Most mistake cannot be undone, therefore, you can never go back in the past and fix it. However, you can take certain steps at changing the way you see your past. A great way to do this is to look back on the things that you regret the most, and let go of all your regretting. You can do this by realizing that if you had never done such regretful things, you wouldn’t be where you are today, you would be a different person. These regretful things happened in your life because they were meant to teach you a lesson or two. You have only learned more about yourself and about how you handle certain situations. This learning process will continue through the rest of your life, because you’re bound to make more mistakes along the way. Learning from your past rather than mourning the past allows you to not only become a better version of yourself, but also a more mature version of yourself.

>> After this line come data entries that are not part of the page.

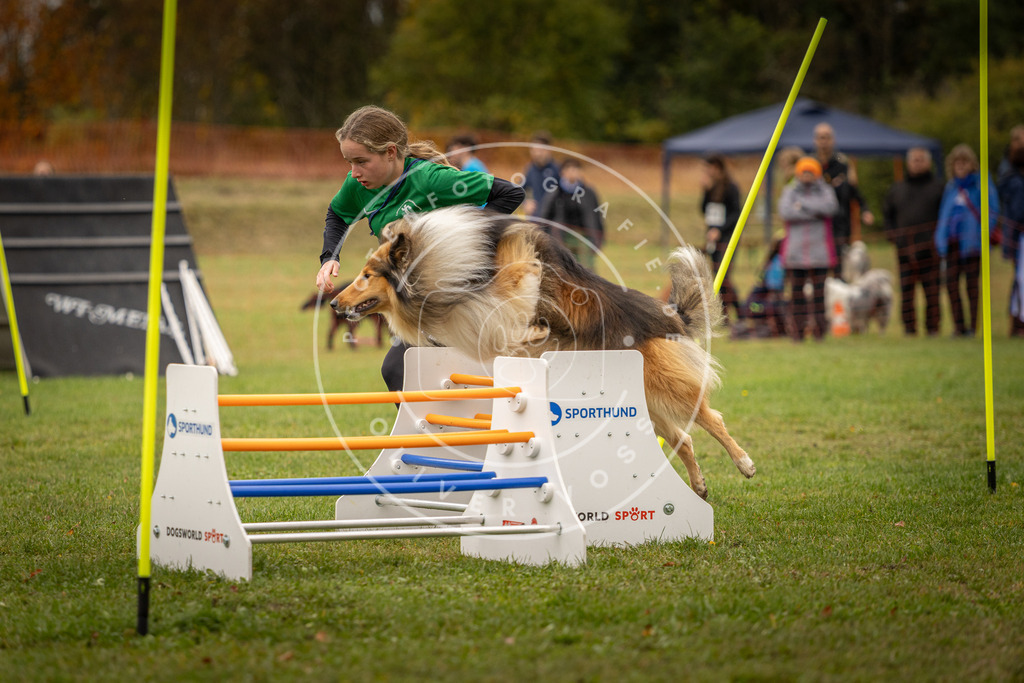 Pfotenfotografie_DV3A6263 | Hundefotografie, Tierfotograf, Pfotenfotografie, Fotoshooting Hund, Hunde Portrait, Hundesport, Hundeportraits, Heideshooting, Hunde, Sportfotograf, Hundefotograf, Turnierhundsport, THS,  - Realisiert mit Pictrs.com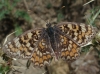 Melitaea phoebe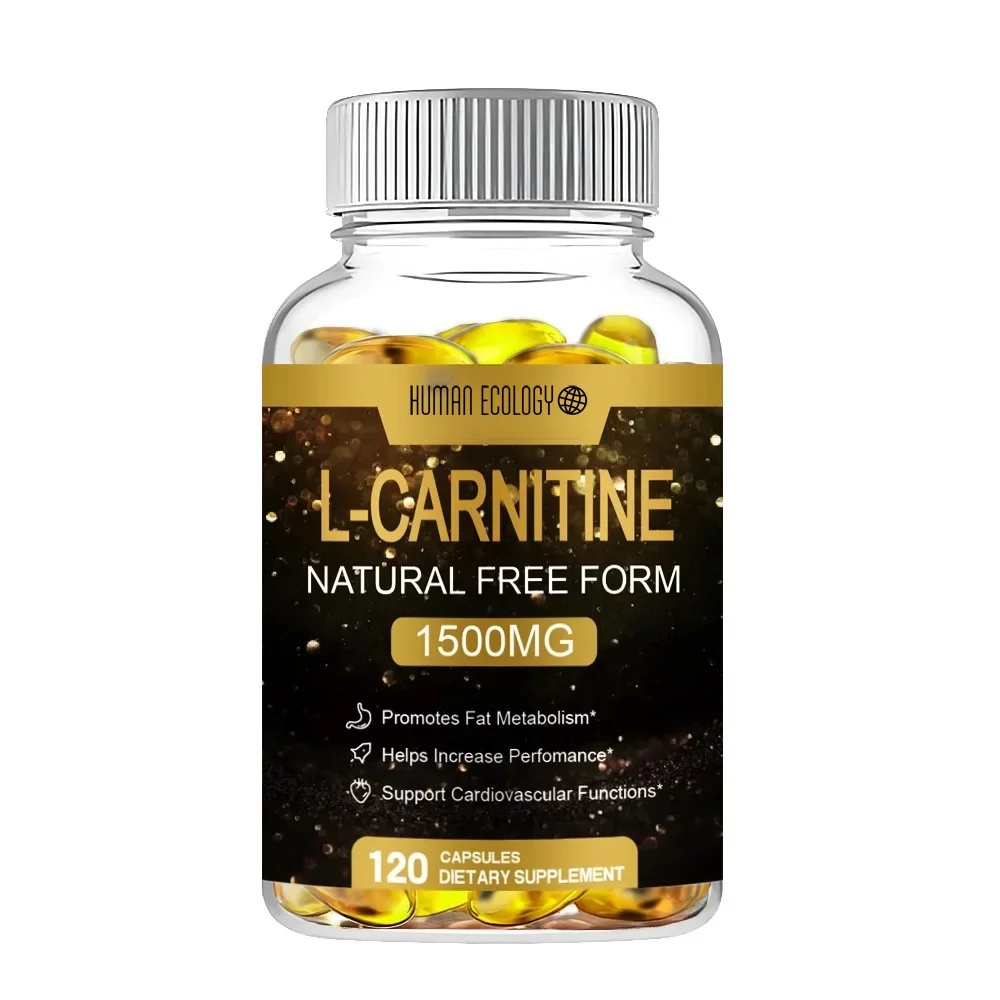 Human Ecology L-Carnitine 1,500 mg High Potency Supports Natural Energy Production, Sports Nutrition, Supports Memory/Focus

In some cases, you may have wronged at least one person in the past. Maybe this person was a friend, or a partner, or just an acquaintance. Whoever they were, you said something to them that you shouldn’t have said or you treated them in a disrespectful manner, and you could never go back and stop it from happening. But that doesn’t mean that you should remain hopeless. I just recently made a growing decision to send out apologetic messages to a few people whom I hurt in the past. Sure, they are very late apologies, but it still doesn’t change the meaning. I have grown so much these past several years, and I’ve learned that the person I was in the past was a completely different person than my current self. By sending out these messages, I felt like a huge weight was lifted. Even though I hadn’t exactly thought about these people in years, it still made me feel like I took a huge step in bettering myself. All three people responded, and were very grateful for my apologetic words. It’s the greatest feeling in the world giving someone else the kindness that they so rightfully deserve.
All people have some level of forgiveness, whether it be large or small. We are able to relate to each other’s mistakes because we have all been there before. We tend to appreciate those people who swallow their pride and fess up to doing something wrong. You have to look within yourself and see your inner strength. Your inner strength stems from the ability to admit to your faults and mistakes, and you will only grow stronger from doing so. Growing up isn’t just a physical process, it’s a mental and emotional one as well. To grow up means to take a lesson from everything you experience in life, and put those lessons to use. It’s truly amazing how much you can teach yourself simply by the things you go through in life.
The reason why you cannot live a regretful life is because you will spend too much time looking back and never looking forward. You have to understand that it’s completely okay to slip up once in awhile because you will be able to eventually redeem yourself. You just have to take life one step at a time and know that you will always get back up even when you take your hardest fall.